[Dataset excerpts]
# # # #

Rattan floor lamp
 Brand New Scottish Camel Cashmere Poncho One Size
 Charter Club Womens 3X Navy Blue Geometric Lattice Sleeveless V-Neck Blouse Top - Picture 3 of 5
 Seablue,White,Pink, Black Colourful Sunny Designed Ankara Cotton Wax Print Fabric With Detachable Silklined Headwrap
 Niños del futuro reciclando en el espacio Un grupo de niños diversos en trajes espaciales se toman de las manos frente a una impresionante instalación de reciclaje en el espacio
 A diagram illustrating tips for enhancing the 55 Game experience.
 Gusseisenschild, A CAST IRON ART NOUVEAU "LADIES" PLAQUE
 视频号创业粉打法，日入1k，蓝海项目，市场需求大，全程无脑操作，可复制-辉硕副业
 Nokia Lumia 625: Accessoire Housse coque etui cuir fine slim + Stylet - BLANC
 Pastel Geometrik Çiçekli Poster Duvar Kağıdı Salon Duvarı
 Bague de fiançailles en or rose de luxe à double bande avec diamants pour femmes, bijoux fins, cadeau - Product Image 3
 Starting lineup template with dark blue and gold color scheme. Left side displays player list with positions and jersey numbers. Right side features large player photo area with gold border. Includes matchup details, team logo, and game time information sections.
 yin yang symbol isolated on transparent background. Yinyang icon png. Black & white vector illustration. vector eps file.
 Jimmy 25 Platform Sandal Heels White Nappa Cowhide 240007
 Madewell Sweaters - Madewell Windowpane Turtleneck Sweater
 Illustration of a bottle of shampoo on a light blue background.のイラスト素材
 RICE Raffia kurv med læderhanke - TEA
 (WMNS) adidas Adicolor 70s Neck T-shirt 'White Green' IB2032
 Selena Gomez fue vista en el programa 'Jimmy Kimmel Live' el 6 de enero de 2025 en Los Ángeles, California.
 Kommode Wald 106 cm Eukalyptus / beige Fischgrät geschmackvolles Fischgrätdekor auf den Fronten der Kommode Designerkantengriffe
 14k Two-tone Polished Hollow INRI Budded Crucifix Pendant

# # # #

→ Exercise details
The output should consist only of the lines from the one with "Charter Club Womens" through the final line of the records above, exactly.

→ Worked solution
 Charter Club Womens 3X Navy Blue Geometric Lattice Sleeveless V-Neck Blouse Top - Picture 3 of 5
 Seablue,White,Pink, Black Colourful Sunny Designed Ankara Cotton Wax Print Fabric With Detachable Silklined Headwrap
 Niños del futuro reciclando en el espacio Un grupo de niños diversos en trajes espaciales se toman de las manos frente a una impresionante instalación de reciclaje en el espacio
 A diagram illustrating tips for enhancing the 55 Game experience.
 Gusseisenschild, A CAST IRON ART NOUVEAU "LADIES" PLAQUE
 视频号创业粉打法，日入1k，蓝海项目，市场需求大，全程无脑操作，可复制-辉硕副业
 Nokia Lumia 625: Accessoire Housse coque etui cuir fine slim + Stylet - BLANC
 Pastel Geometrik Çiçekli Poster Duvar Kağıdı Salon Duvarı
 Bague de fiançailles en or rose de luxe à double bande avec diamants pour femmes, bijoux fins, cadeau - Product Image 3
 Starting lineup template with dark blue and gold color scheme. Left side displays player list with positions and jersey numbers. Right side features large player photo area with gold border. Includes matchup details, team logo, and game time information sections.
 yin yang symbol isolated on transparent background. Yinyang icon png. Black & white vector illustration. vector eps file.
 Jimmy 25 Platform Sandal Heels White Nappa Cowhide 240007
 Madewell Sweaters - Madewell Windowpane Turtleneck Sweater
 Illustration of a bottle of shampoo on a light blue background.のイラスト素材
 RICE Raffia kurv med læderhanke - TEA
 (WMNS) adidas Adicolor 70s Neck T-shirt 'White Green' IB2032
 Selena Gomez fue vista en el programa 'Jimmy Kimmel Live' el 6 de enero de 2025 en Los Ángeles, California.
 Kommode Wald 106 cm Eukalyptus / beige Fischgrät geschmackvolles Fischgrätdekor auf den Fronten der Kommode Designerkantengriffe
 14k Two-tone Polished Hollow INRI Budded Crucifix Pendant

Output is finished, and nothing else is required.